Sing sabar yo nduk..

"Ngenes adalah saat mantan bermesraan dengan pacar barunya dan sang gebetan malah ingetnya sama sahabat kita". #tratakdungces  Begitulah kira-kira tweet saya kemarin sore. Entah kenapa akhir-akhir ini saya suka curhat di social media. Kesepian mungkin bisa jadi alasan utamanya. Saya sedih bukan karena saya ga direspon spesial sama sang gebetan, saya sedih karena saya ga begitu bisa catch his attention pas pertama kali kenal. Bukannya apa, saya ini tipikal cewek yang pemalu dan cenderung lebih doyan diajak ngobrol ketimbang ngajak ngobrol orang yang baru dikenal. Ga lama kemudian, saya dapat kabar dari sahabat saya kalo sang gebetan ingetnya sama sahabat saya yang satu lagi. Hmm, apa segitu randomnya saya ya sampe ga bisa diinget gitu? Yah, let it flow aja lah.. Kalo jodoh sama si mas itu ya ada aja jalannya, kalo bukan ya berarti ada yang lebih baik dari mas itu.. Bersyukur doe bersyukur.. Wong sejatine urip kuwi mung ngelakoni skenario saking Gusti Pangeran.. Sing sabar yo nduk..

Jumat, 13 Juli 2012

Speaking of success

How come the meaning of success depends on the place where we work?
If we work as a civil servant in some 'gorgeous' ministries then they'll be more proud of us.
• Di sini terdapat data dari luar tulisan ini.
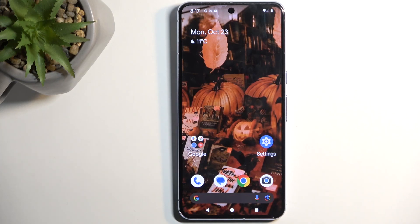Welcome! This is a Google Pixel 8 Pro and today I'll show you how we can enable and set up your portable hotspot.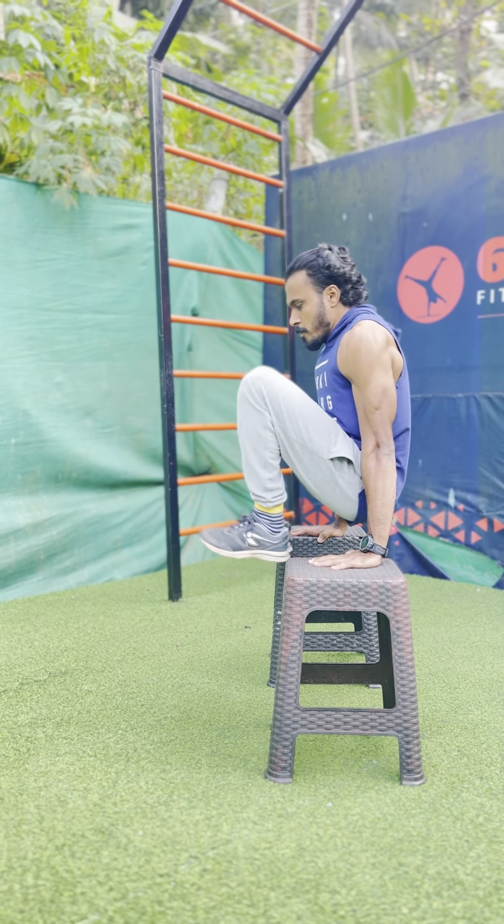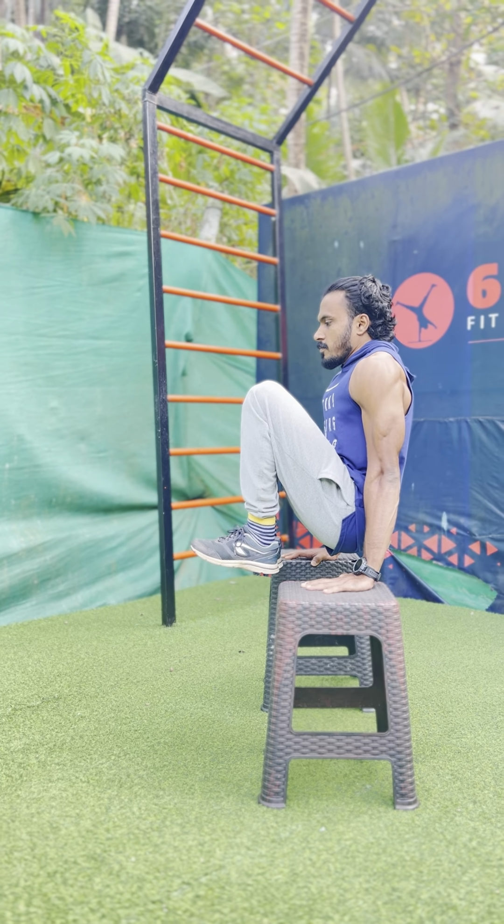You can work with the L-sit tuck hold. You can hold it for 20 seconds, and you can work with four sets.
If we work for state owned companies, people will give more respect to us, they will think that we will always have brilliant ideas.
I DON'T GET IT..
For me, success is a courage to be honest for enjoying our journeys to become the best of ourselves. I believe one thing, God doesn't make a junk. He made us for purpose that only us can fulfill it.
Success isn't a matter of place where we work. It is a matter of honesty and courage to become the best of ourselves for fulfilling God's purpose. ♥

Rabu, 06 Juni 2012

Congrats my big tiny sist!

6 Juni 2012 adalah tanggal yang sangat bersejarah buat kakak saya. Tepat di malam hari ketika perjalanan pulang dari kantor ke rumah, kakak ditelepon oleh pihak HRD salah satu perusahaan televisi swasta di Indonesia. Kakak dinyatakan berhasil melalui serangkaian tes dan resmi menjadi bagian dari salah satu perusahaan televisi swasta itu. Puji Tuhan, doa kita semua didengar oleh Tuhan. Bahagia bercampur deg2an meliputi perasaan kakak. Aku juga sangat senang karena kakak yang selama ini sedih karena merasa seperti tidak menjadi dirinya sendiri dalam melakukan pekerjaannya di kantor sebelumnya akhirnya mendapat kesempatan untuk berkarya di perusahaaan televisi swasta impian dia. Aku bersyukur sekali kepada Tuhan Maha Pengasih dan Maha Pemeluk Mimpi. Satu langkah lagi telah Kau buka bagi kakak untuk mencapai impiannya.
Banyak hal yang bisa aku petik dari kabar gembira ini. Aku menyaksikan sendiri betapa Tuhan benar-benar menyertai langkah umatNya yang tak pernah menyerah untuk mewujudkan impian-impiannya. Aku percaya bahwa keyakinan itu harga mati dan tidak bisa ditukar dengan apapun. Ketika seseorang yakin bahwa dia akan bisa mencapai suatu hal dan berjuang keras untuk mencapai hal tersebut, cepat atau lambat pasti dia akan mendapatkannya. Lewat kejadian ini aku semakin diteguhkan lagi bahwa sejatinya tempat menaruh harapan adalah Tuhan semata. Harap kepada manusia, kecewa yang didapatkan. Harap pada Tuhan, sumber kekuatan. Dia tak pernah ingkar janji, selalu memberi yang terbaik pada umatNya. Aku juga diajarkan akan arti kesabaran. Sabar menunggu akan waktu Tuhan. Percaya kepada Tuhan berarti termasuk percaya kepada waktu terbaik yang sudah Dia rancangkan untuk kita.
Selamat berkarya kakakku Natasya Sarah Mountina. Ini adalah pintu masuk untuk mencapai impian-impian selanjutnya. Aku percaya Tuhan selalu bersamamu dan akan menjagamu selalu. I'm gonna miss youuuu :''')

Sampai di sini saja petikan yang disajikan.